Le film ne montre que les premiers échanges de cette lutte, qui se termine par une blessure légère infligée à chaque combattant. Par contre, il conte dans le détail l’ensemble des rites qui précèdent le combat, montrant bien qu’au-delà de la réparation de l’affront se cache une profonde connivence entre les deux duellistes, qui se reconnaissent dans des valeurs communes. Cette reconnaissance devient, dans l’hôpital où ils sont tous les deux soignés, une véritable amitié. Et Théo et Clive deviennent, à l’image de de Boeldieu et von Rauffenstein dans La Grande Illusion (film qui a sans doute influencé Powell et Pressburger), l’incarnation de cette idée selon laquelle les frontières existent bien plus entre les groupes sociaux qu’entre les pays. Quand, dans le camp de prisonniers, Pierre Fresnay demande à Erich von Stroheim :

  • « Pourquoi avez-vous fait une exception en me recevant ? ». Ce dernier répond ainsi :
  • « Pourquoi ? Parce que vous vous appelez de Boeldieu, officier de carrière dans l’armée française et moi, von Rauffenstein, officier de carrière dans l’armée impériale allemande »
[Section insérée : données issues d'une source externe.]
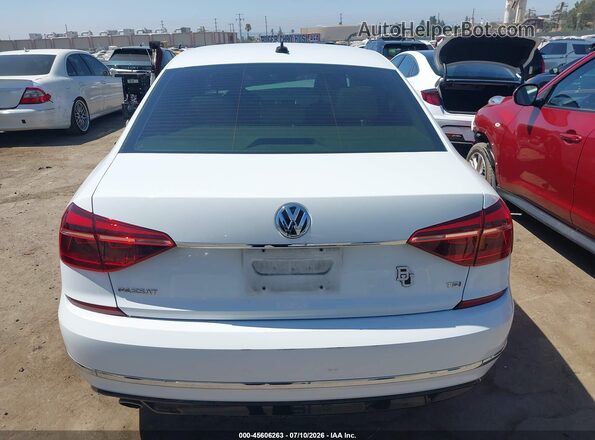 1VWDT7A34HC032970 2017 VOLKSWAGEN PASSAT White 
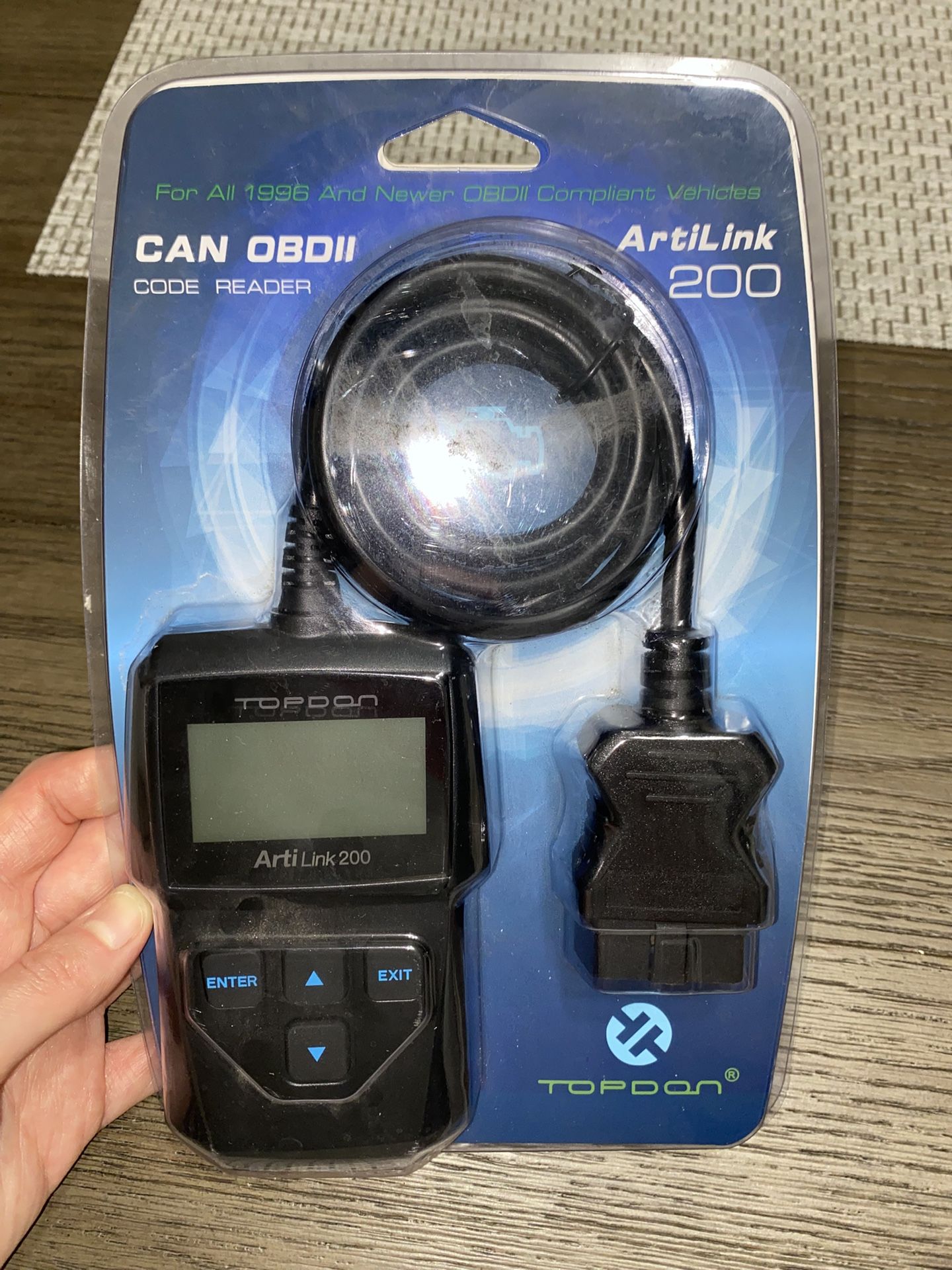 Topdon ArtiLink 200 CAN OBDII Code Reader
La Première Guerre mondiale met face à face les deux amis, qui ne se rencontreront cependant qu’une fois les combats terminés, dans un camp de prisonniers. Candy, devenu général de brigade, a vieilli. Dans le bruit lancinant de la canonnade, on le découvre sous une pluie battante, au milieu d’arbres calcinés, embourbé aux côtés d’un agent de liaison qui ne trouve pas son chemin. Mais, comme pour le duel, la représentation du conflit n’intéresse pas outre mesure les réalisateurs, qui mettent le spectateur en contact avec le conflit à la date du... 10 novembre 1918. Ce dernier a quand-même le temps de découvrir une scène très intéressante. Le général Candy, aux prises avec un jeune officier de transports dont le moins qu’on puisse dire est qu’il ne met pas beaucoup de zèle à lui trouver un train, s’énerve :

  • « Dans cette guerre, j’ai vu des arsenaux sans munitions, des cuisines sans cuisiniers, des voitures sans essence. Il est donc normal de voir un officier de transports sans train. Sachez jeune homme que dans la Guerre des Boers ou en Somalie, on n’aurait pas toléré cetteinefficacité une seconde »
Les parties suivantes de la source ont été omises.